At 9:30 am everyone has to retire to their tiny,
bare-bones rooms for a half hour while a couple of
nurses push a cart down the length of the hallway
dispensing medications. Then everyone wanders around
for a while between meals, depemdimg on how assiduosly
the staff badgers us into participating in one of
their unfocused, chaotic groups. They put us to bed by
10 pm, except on weekends, when its 12 midnight.
(Because everyones so medicated not many people make
it that late.)

This morning. I put my swollen leg up on some pillows
and stared at the blank ceiling. When I leaned my head
back, the sun bloomed through the grating on my upside
down window and I thought about the fresh air and the
bright blue sky that surrounded me over five weeks ago
when I hung out the window, ready to drop.

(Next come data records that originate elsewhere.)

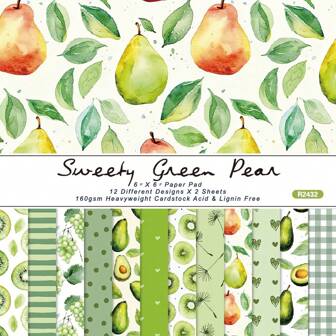 1包24張6"X6"糖果綠色梨形剪貼簿紙張，DIY手工藝術背景紙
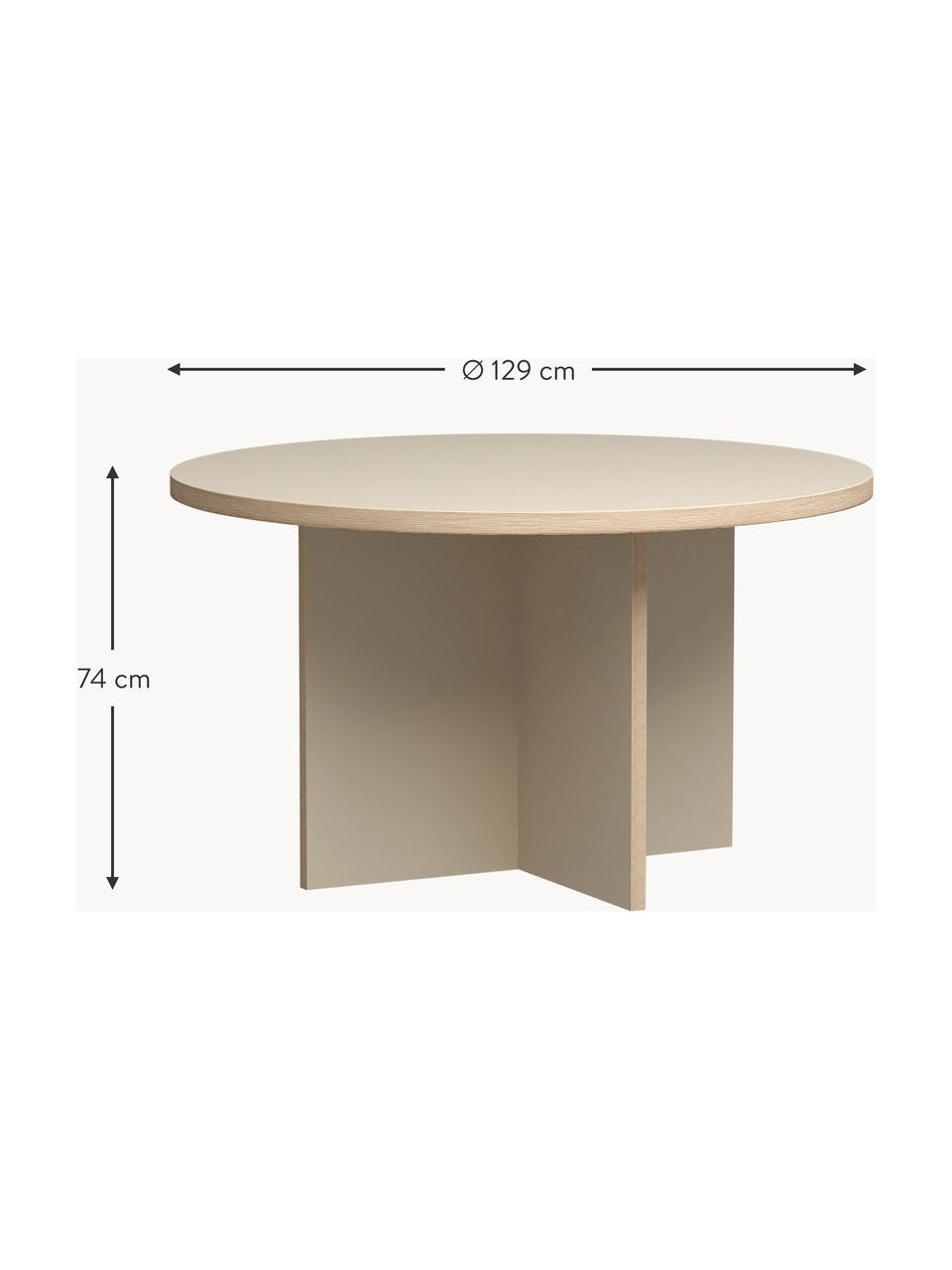 Mesa de comedor redonda Cirkel, Ø 129 cm, Tablero: Eurolight, tablero de fib, Estructura: Eurolight, tablero de fib, Beige claro, Ø 129 cm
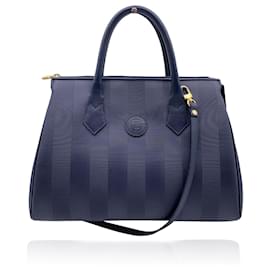 Fendi-Cartable Trapèze Vintage en Toile Bleue à Rayures Pequin avec Bandoulière-Bleu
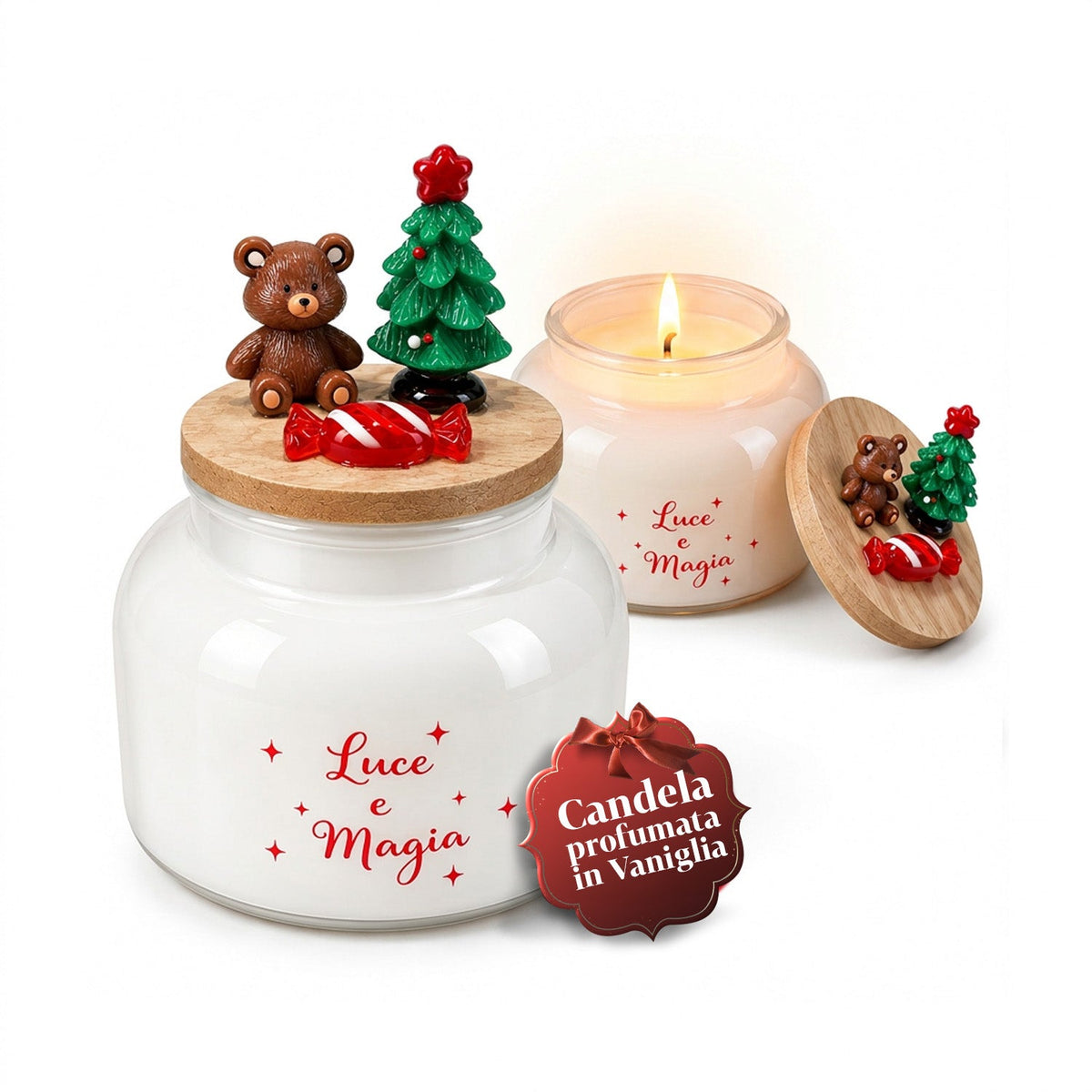 Scented Candle in Glass Jar with Decorated Lid – Pine, Cinnamon and Vanilla Fragrances – Reusable Container with Inscription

Rabdy and David are looking out the window now,
talking about the boats on the river and the apartment
complexes that lie alongside us. The guys in the day room
transfixed by the women dancing the Soul
Train– even Babu, the staffer monitoring us, exclaims
Thats my music! A dishevelled weekend psychiatrist
sits down next to me, asks a few perfuntory questions,

Levine shouts angrily about people using the phone too
much. Were all waiting for the Saturday coffee break
that comes at 3:15.

More to come,

Letters From Lem 3

Filed under: Letters From Lem — Twin A @ 1:48 pm


Levine was pissed off today. Levine is a shambling Rasta warrior with bright black eyes and a giant mass of grey unwashed hair that sort of floats and bounces as he shuffles down 20 east’s hallway, ducking into rooms as he goes. Levine’s rampage began at the front window that the staffers hide behind. the front window is like a cashier’s window, only with a cardboard and construction paper display about “COMMONLY USED MEDICATIONS” instead of a price list. He started cussing out everyone in sight, telling one staffer to “go back to Africa.” Later, he dominated the morning Community Meeting, where the doctors and staffers sit in a row and talk down to the patients, yelling that he was going to drag 20 East’s night staff into Criminal Court, Federal Court, Supreme Court, whatever it takes.”

By the time he cried “scavengers! I don’t eat scavengers.” at lunch, most of us had stopped listening. (I guess he was objecting to schrimp and pork, which wasn’t anywhere to be found in our lunch. Just the usual chicken, bland vegetables, individual plastic-wrapped slice of bread, half-full lukewarm styrofoam cup of coffee, and a cup of dessert.

Mealtimes are alive with yelling, anyway - not necessarily angry yelling although this is added to the mix, but a bustling commodities trading floor: “Coffee for cranberry?” “Eggs, who wants eggs?” “Can I get sugar?” “Who wants soup for pudding?” “Sweet and low! Swee and Low!” The one thing no one can get rid of at any price are the tiny plastic cups of cold orzo salad — they’re awful.

Levine’s ability to sustain his anger morning, noon and night is admirable, if ultimately irritating. In the Hollywood adaptation of Bellevue Hospital, 20 East, Levine would be cast as a fold hero, liberating the patients with his passionate monologues. Perhaps that’s how he sees himself. Personally, I’m content to take my depokote, let people throw eggs and cereal packets over my head, and stay quiet until the let me out of this joint.